For both THP's, Fish and Game proposed certain mitigation measures designed to reduce the deleterious effect of the logging on wildlife species, especially six relatively rare animal species which were shown by scientific evidence to be dependent on old-growth forests for their continued survival. These species are: (1) the marbled murrelet, a bird related to puffins and auks which feeds at sea, but nests in fully-mature or overmature trees in old-growth forests situated, like the two parcels in question here, within easy flying distance of the California coastline; (2) the spotted owl, a raptor which also is highly dependent upon old-growth forests for its habitat; (3) the northern goshawk, another raptor which inhabits such forests; (4) the red tree vole, a small mammal native to these forests; (5) the Olympic salamander, an amphibian which inhabits springs and small brooks in deep forests; and (6) the tailed frog, a frog with a tail-like protuberance, which needs clear, cold forest streams to survive.
After considerable administrative proceedings, discussion, and activity, Forestry approved the THP's without ordering implementation of the mitigation measures specified by Fish and Game; Fish and Game filed a formal nonconcurrence statement as to the Owl Creek THP. Forestry granted approval despite the fact that the rare or endangered species of the marbled murrelet, which the record demonstrates has become so reduced in California as to be highly susceptible to extinction, had been detected on both sites and clearly used these sites for nesting.
Litigation ensued. Unfortunately, the resolution of both cases was delayed for years by procedural wrangling.
In the case of the Owl Creek THP, litigated as trial court action No. 83428, the petitioners, certain environmental groups and their members, sought a writ of mandate and the issuance of a temporary restraining order, since P–L had already begun logging operations on the site. Fish and Game official John Hummel filed a declaration in support of issuance of the restraining order. Judge Ferroggiaro issued a temporary restraining order in December 1988, barring logging at Owl Creek. The trial court also imposed a bond of $50,000 which the petitioners said they could not pay. Petitioners sought a writ and emergency stay from this court (Division Five), which we granted (No. A044393). The terms of our stay order, in substance, barred further logging at Owl Creek until a final decision issued in the litigation.

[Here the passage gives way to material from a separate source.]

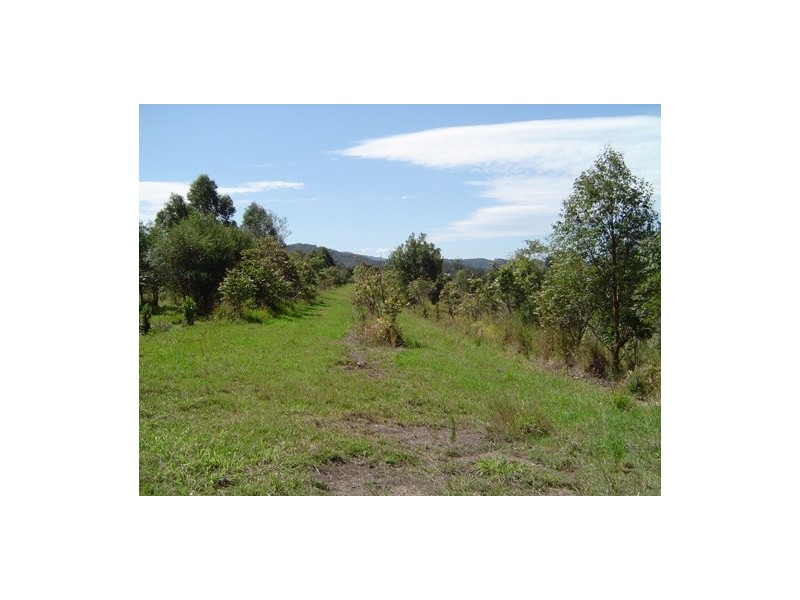 Macksville NSW 2447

In the meantime, the Salmon Creek THP had proceeded to litigation as trial court action No. 82983. The petitioners moved for a preliminary injunction in this case, but the trial court was unable to immediately supply a local judge to hear the matter who was not impaired by a conflict of interest. Therefore, petitioners also sought relief in this court; we granted an emergency stay pending further action in the trial court. On December 16, 1988, the trial court was able to grant the requested preliminary injunction, barring further logging at Salmon Creek.
Slightly more than 90 days later, however, P–L sought dismissal of both actions on the grounds that petitioners had not requested a hearing on the matters within 90 days, under the terms of Public Resources Code 1 section 21167.4. The trial court dismissed both actions for violation of the 90–day rule, and appeals proceeded to this court (Nos. A046150 & A046632).

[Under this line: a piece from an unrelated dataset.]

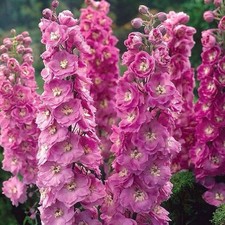 Delphinium ‘Astolat’ –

On November 21, 1990, this court (Division Five) filed a written opinion in the consolidated appeals from both the Owl Creek and Salmon Creek dismissals. We concluded in our prior opinion that the dismissals should be reversed because section 21167.4 did not apply to these actions. (We have since reached a contrary conclusion on this point, on a prospective basis only, in Dakin v. Department of Forestry & Fire Protection (1993) 17 Cal.App.4th 681, 687–688, 21 Cal.Rptr.2d 490.)

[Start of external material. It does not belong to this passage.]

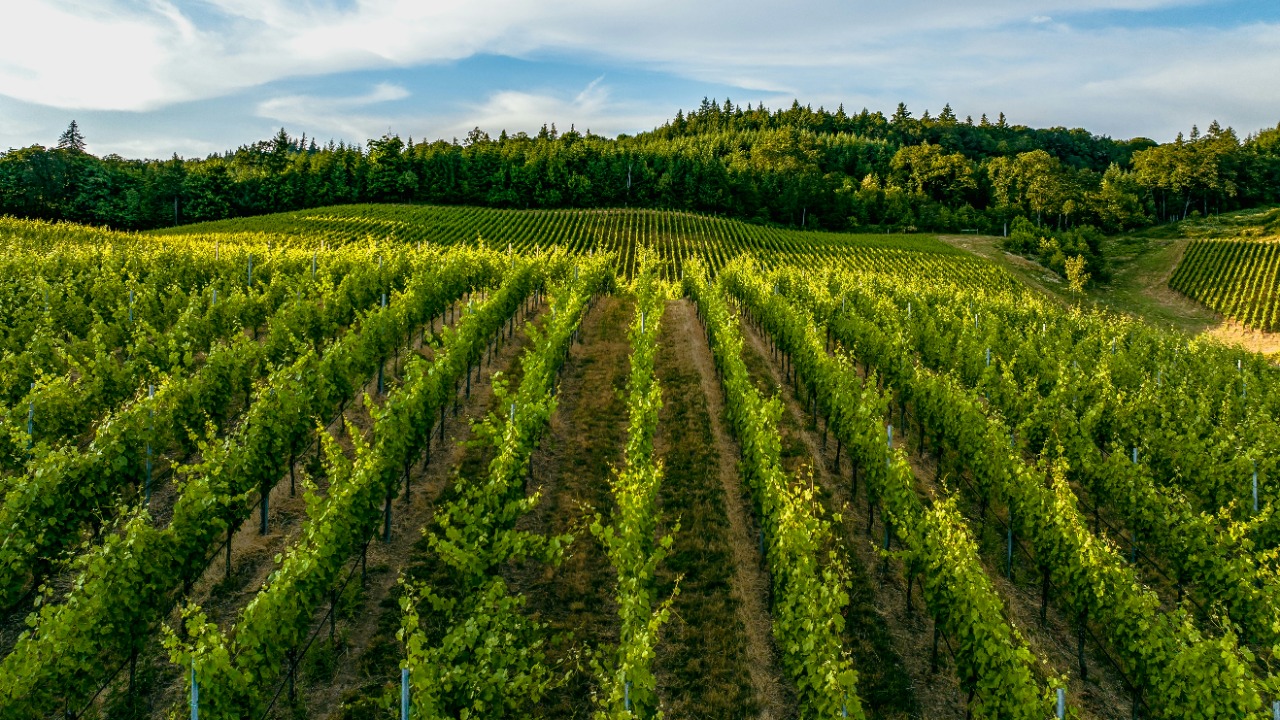 a large field of green plants under a blue sky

The two cases then returned to the trial court for proceedings on the merits; they were assigned to separate judges in the trial court. In the Owl Creek case, Judge MacFarland ruled in 1992 that the THP was not valid because Forestry had committed a prejudicial abuse of discretion in approving it. Significantly, Forestry had conceded in the trial court that its prior approval of the Owl Creek THP was legally erroneous, since there had been insufficient consideration of mitigation measures designed to protect rare or endangered species; Forestry also indicated that, while it did not agree with all aspects of the trial court's rationale as stated in its written opinion, Forestry accepted the trial court's ruling as fair.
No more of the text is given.